I think that the question is, are they 3 times better? Will they last 3 times as long? Because they are 3 times more expensive. 
I have a pair of 5/10 impacts that I bought used off of pinkbike for $50 shipped and they are awesome. they are grippy as hell, to the point that it is hard to move my foot on the pedal on my dirt jumper when moving.

But I cant see spending more on a bike shoe then I would on a pair of dress shoes.


----------



## root (Jan 24, 2006)

Rusnak_322 said:


> But I cant see spending more on a bike shoe then I would on a pair of dress shoes.


I spend more time in bike shoes than dress shoes so i easily can see spending more on a bike shoe. 
I like my Freerider Pros so far, not sure about durabilty, been using them 6 months with no signs of significant damage, but i havent ridden as much the past months, its been rainy. Impressed with how light they are , weighed them and they're lighter than my carbon soled clipless shoes. Fit same as my 1st gen Danny Mckaskills. Sole is stiffer and thinner, good for pedaling, but not for street walking. It deals whith wet conditions pretty well, the dont feel like saturated mops on your feet. The rubberized outside helps that and makes cleaning off mud easier. Sole not good for hiking in the clay mud here, but neither would Vans.


----------



## RS VR6 (Mar 29, 2007)

I've got both. Vans (Sk8 and Chukka boots) and a couple pairs of 5.10. The Vans are slippers compared to the 5.10. The soles of the Vans have absolutely no support. You can bend and twist the Vans with minimal effort. If you ride dirt that is remotely rugged...the Vans will destroy your feet.


----------



## TNTall (Nov 7, 2016)

After a month of riding, I'm still waiting on my new Freerider Pros to break in.
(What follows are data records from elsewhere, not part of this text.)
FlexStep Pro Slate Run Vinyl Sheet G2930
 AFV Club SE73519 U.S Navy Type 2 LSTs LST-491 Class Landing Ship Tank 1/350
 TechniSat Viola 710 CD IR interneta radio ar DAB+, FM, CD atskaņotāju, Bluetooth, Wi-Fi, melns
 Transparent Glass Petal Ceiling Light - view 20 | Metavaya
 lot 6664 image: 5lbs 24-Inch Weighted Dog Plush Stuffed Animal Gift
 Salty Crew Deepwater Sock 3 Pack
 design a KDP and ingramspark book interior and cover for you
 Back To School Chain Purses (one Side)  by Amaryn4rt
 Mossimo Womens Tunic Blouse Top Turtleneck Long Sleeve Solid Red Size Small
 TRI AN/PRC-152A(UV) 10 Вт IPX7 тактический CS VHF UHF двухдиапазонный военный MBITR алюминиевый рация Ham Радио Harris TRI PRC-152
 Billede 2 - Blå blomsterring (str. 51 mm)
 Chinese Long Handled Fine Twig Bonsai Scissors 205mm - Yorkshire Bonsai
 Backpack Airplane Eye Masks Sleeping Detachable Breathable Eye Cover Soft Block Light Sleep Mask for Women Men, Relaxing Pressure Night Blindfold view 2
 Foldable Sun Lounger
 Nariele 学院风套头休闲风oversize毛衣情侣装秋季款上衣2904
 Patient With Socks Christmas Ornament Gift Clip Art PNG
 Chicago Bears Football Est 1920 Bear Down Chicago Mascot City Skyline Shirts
My oldish freeriders are much more grippy on the pedals.


----------



## ericzamora (Dec 14, 2017)

I'm new to mtb, but i picked up a pair of Freerider Pros and i find they grip my Chesters so well, i have a hard time repositioning my foot once i'm moving. After a month of riding them, i found this Bobo-review. had me laughing:






eric
fresno, ca.


----------



## Gats (Jan 21, 2017)

510's are not worth 3x as much as Vans. It's probably more like 5 or 6x more. I'd been wearing Vans as my everyday sneaker since the mid 90's, until I got back into MTB a few years ago. I currently have a pair of Freeriders that have more than 2 seasons of hard use on them and while the sole is somewhat worn, I don't see any need to replace them this season. I bet I could wash them and they'd look new. There's not a stitch out of place!
In my experience, vans start falling apart after 6 months of just walking around. I also have a pair of 510 spitfires that I only wear as my daily sneaker and they're in perfect shape after 2 years.


----------



## Chicane32 (Jul 12, 2015)

RS VR6 said:


> I've got both. Vans (Sk8 and Chukka boots) and a couple pairs of 5.10. The Vans are slippers compared to the 5.10. The soles of the Vans have absolutely no support. You can bend and twist the Vans with minimal effort. If you ride dirt that is remotely rugged...the Vans will destroy your feet.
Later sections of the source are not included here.